Ali, The Risk Taker

Statistik Muhammad Ali, bbc.com

“He who is not courageous enough to take risks will accomplish nothing in life”
Muhammad Ali

Tanggal 3 Juni lalu, dunia kehilangan salah satu ikonnya. Ia lah petinju legendaris dunia Muhammad Ali. Hampir tak ada warga dunia yang belum pernah mendengar kiprah pria bernama asli Cassius Marcellus Clay ini. Ia seperti Elvis Presleynya dunia tinju.

Saya sendiri bukan penggemar olah raga tinju, meski beberapa petinju saya tahu. Tapi kalau ada petinju yang pernah membuat saya berniat untuk nonton adalah Mike Tyson, khususnya ketika berhadapan dengan Evander Holyfield. Yang kedua tentunya petinju kebanggaan kita Chris John, apalagi waktu itu saya masih wong Semarang.

Saya yang sudah hampir tak pernah menonton TV mulai mengetahui Muhammad Ali meninggal dari media sosial. Ya, tiba-tiba di media sosial saya lihat quotes dari Muhammad Ali bertebaran. Meski belum ada yang share beritanya, feeling saya sih beliau meninggal dunia. Dan setelah saya cek di Google memang benar. 

Muhammad Ali memang fenomena yang luar biasa. Bukan saja di dunia tinju, tapi olah raga pada umumnya. Ia salah satu yang pertama mendominasi pada masanya. Ya saya rasa itu kata kunci untuk menjadi legenda, dominasi. Seperti Maradona dan Pele di Sepakbola, Michael Jordan di Basket, Michael Schumacher di F1 atau Michael Doohan di balap motor. Bahkan banyak juga cerita di luar olah raga yang bisa menarik bagi dunia. Soal warna kulitnya misalnya, soal kepercayaannya, soal penyakitnya dan sebagainya.

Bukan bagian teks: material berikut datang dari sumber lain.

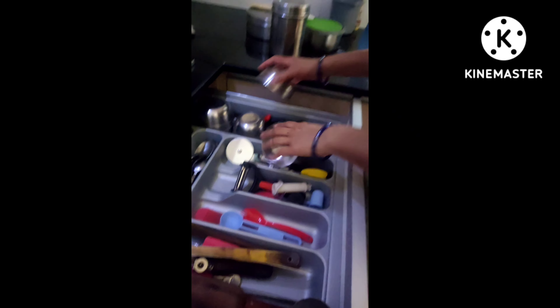Now the next thing you have to do is add the vegetables. I took only two vegetables, but that doesn't mean you can only take two — you can take as many vegetables as you prefer, it's all your choice. See, I'm doing it like this.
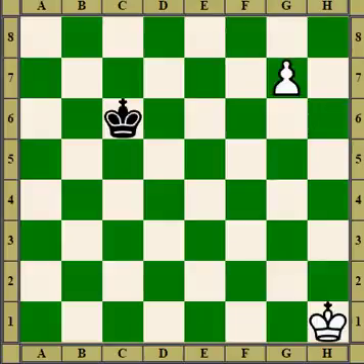That's the end of the section. That was just a few positions where you could queen a pawn by blocking the defender. Thank you for watching.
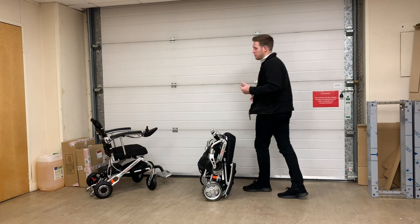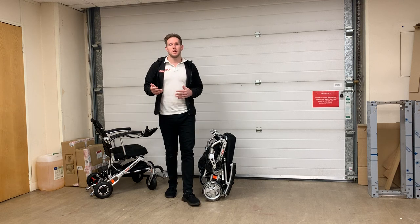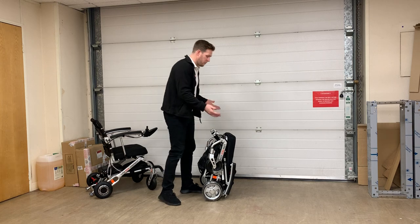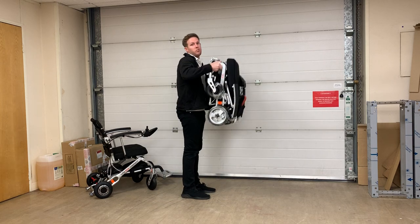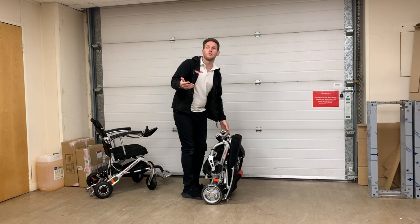A good example of this is my mum. She's 68 years old, literally five foot nothing, weighs about eight and a half to nine stone, and she can literally pick the chair up by its legs and stick it straight into the boot of her Ford Fiesta, which obviously has quite a small boot.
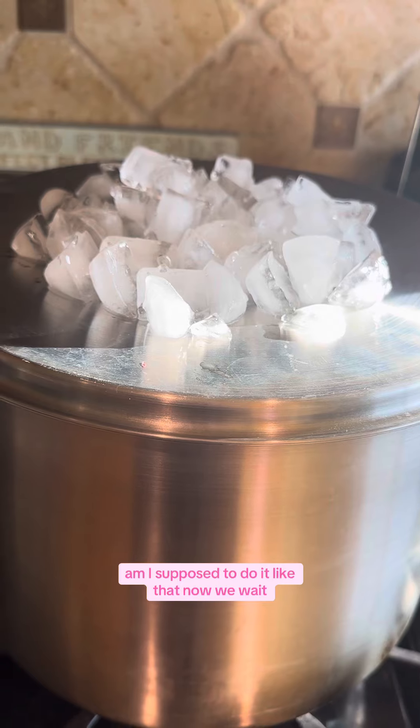Am I supposed to do it like that? It's starting to fill up and I'm pumped. I think I'm doing this right, but I still don't know.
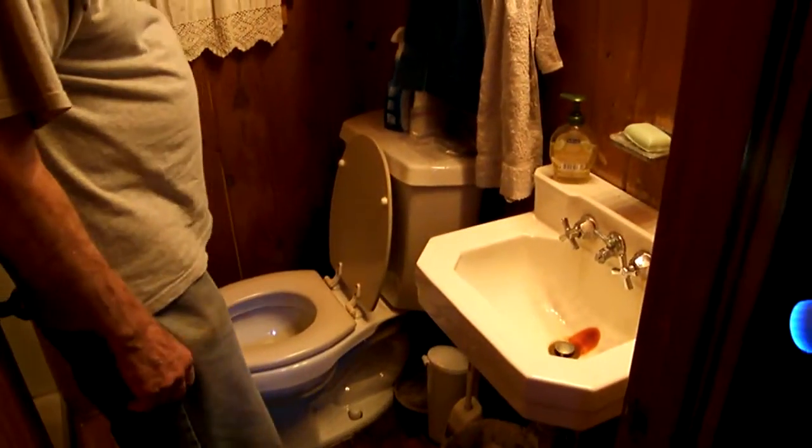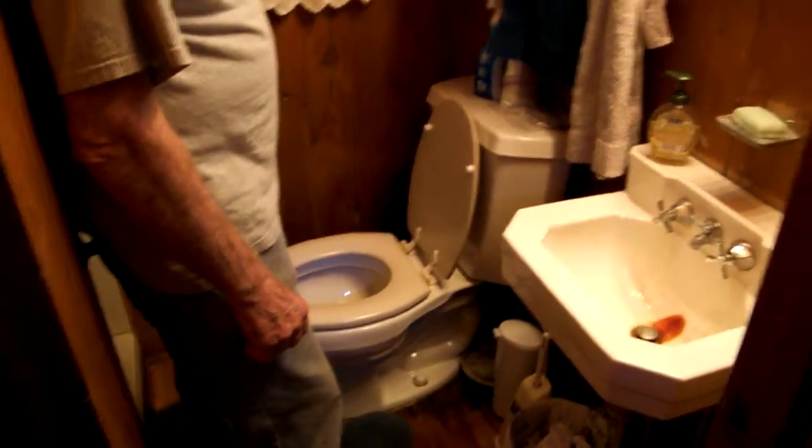Basically what we want to do is after the water's turned off, you want to flush the toilet, let all the water go out of it. You want to take the back tank, basically swab all the water out of that and the toilet, and put a little antifreeze down in both.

Tapi pertanyaan sebenarnya adalah, dibalik berbagai pencapaian yang menjadi inspirasi bagi kita, maukah kita menjalani hidup seperti Ali? Atau pertanyaan yang lebih relevan mungkin, beranikah kita? Bakat menjadi hebat hanya dengan pengorbanan. Seberapa cukupkah kita menjadi manusia? Itu yang membedakan pencapaian kita satu dengan yang lain. Yang mana lebih baik? Semua adalah pilihan. Karena kata cukup pun relatif antara setiap manusia. Tetapi dunia sudah menunjukkan berbagai tanda-tanda dan petunjuk untuk kita yang ingin menjadi apa.

Hari ini saya mendapat sebuah pelajaran. Ketika seorang pemimpin yang jabatannya pada waktunya akan berakhir ditanya bukankah seharusnya ia mengakhirinya dengan soft landing, Ia menjawab, orang-orang terkenal ternyata tidak mengalami yang disebut soft landing, misalnya Soekarno, Soeharto dan Gus Dur. Jadi ia berkesimpulan: We’ll See, kita lihat nanti. Hubungannya dengan Ali? Dalam perspektif saya, soft landing ternyata memang bukan pilihan. Ali bertarung sebaik mungkin sepanjang karirnya. Apakah penyakit Parkinson merupakan resiko dari berbagai pertarungan itu? Pada saat itu ia tak tahu. Ia hanya bertarung berdasarkan idealismenya. Pada akhirnya meski sudah gantung sarung tinju, Ia harus bertarung lagi, dengan penyakitnya.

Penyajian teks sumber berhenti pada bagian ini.